Schlappe Inszenierung
Dazu kommt eine völlig hanebüchene Story. Lara und ein Konkurrent finden einen Stab, berühren ihn, daraufhin erwacht Seth und will die Menschheit versklaven. Lara, zwei ägyptische Götter und ihr Konkurrent müssen ihn aufhalten, wobei der Spieler nur einer der Figuren spielt. Okay, der Kern der Story bei Diablo mit den Seelensteinen und dem Erdenende ist auch nicht viel kreativer, aber der Unterschied ist die Inszenierung und wie die Story geschrieben ist. Was die Charaktere hier von sich geben ist einfach peinlich. Da hilft es nichts, dass einzelne der Zwischensequenzen in Spielgrafik nicht ganz schlecht aussehen.

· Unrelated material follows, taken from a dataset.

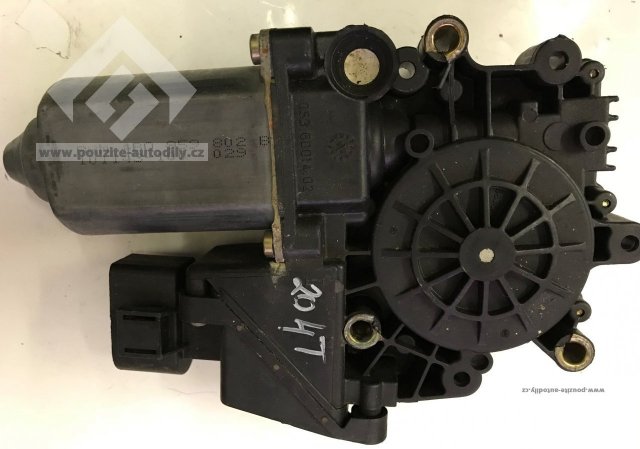 Motor stahování okna vpravo vzadu 4B0959802B Audi A6 C5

Dass der Rest des Spiels ebenfalls nicht ganz schlecht aussieht macht es dann aber wieder ein bisschen besser. Für kurzweilige Unterhaltung kann gute Grafik nur helfen.
Spiel- oder Ignorierbar
Die ganze Sache ist dann nur etwa 5 Stunden lang. Es könnte etwas mehr sein, wenn die Zusatzlevels der DLCs enthalten wären – bei einem so kurzen Spiel nicht alles hineinzupacken ist frech. Aber das wäre kein Problem, wenn dem Spiel sein Charakter klar wäre. Es ist eine kurze und kurzweilige Unterhaltung für zwischendurch, die im Koop-Modus nochmal mehr Spaß machen soll. Hätte es sich darauf konzentriert, wäre es ein gutes Spiel geworden.

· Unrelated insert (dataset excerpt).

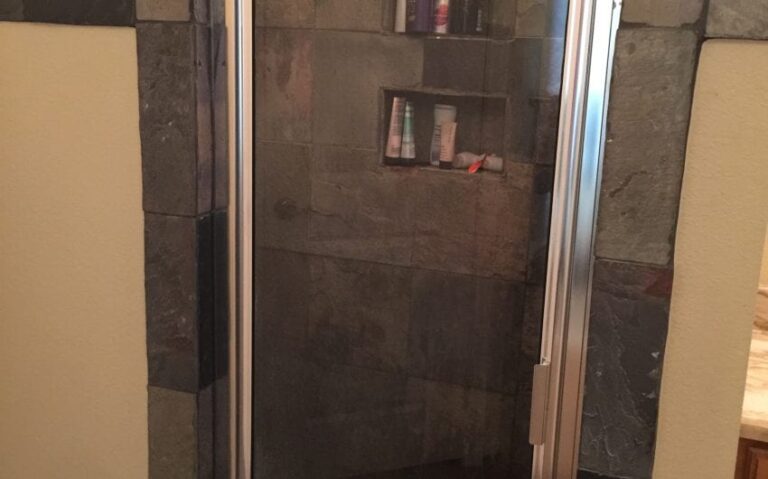 311 HCR 3110 N Master shower e1506033144631 850x530 1 768x479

Stattdessen gibt es viel Loot, das aber komplett uninteressant ist, und nach Spielende Hinweise auf Post-Game-Inhalte, ohne dass es vorher auch nur Ansätze einer funktionieren Meta-Spielmechanik gegeben hätte. Das Komitee, das dieses Spiel zusammengestückelt hat, hat sich komplett verrannt.
Aber da die Dungeons mit ihren Kämpfen und Rätseln schon Spaß machen und das Spiel nicht zuviel Zeit kostet kann man es auch mal eben durchspielen, wenn man es umsonst oder sehr günstig bekommt. Idealerweise wohl wirklich im Koop mit mindestens einem Mitspieler, sodass das gemeinsame Bewältigen der Dungeons den Spaßfaktor erhöht. Oder man lässt es zugunsten eines besseren Spiels bleiben – viel verpassen würde man nicht.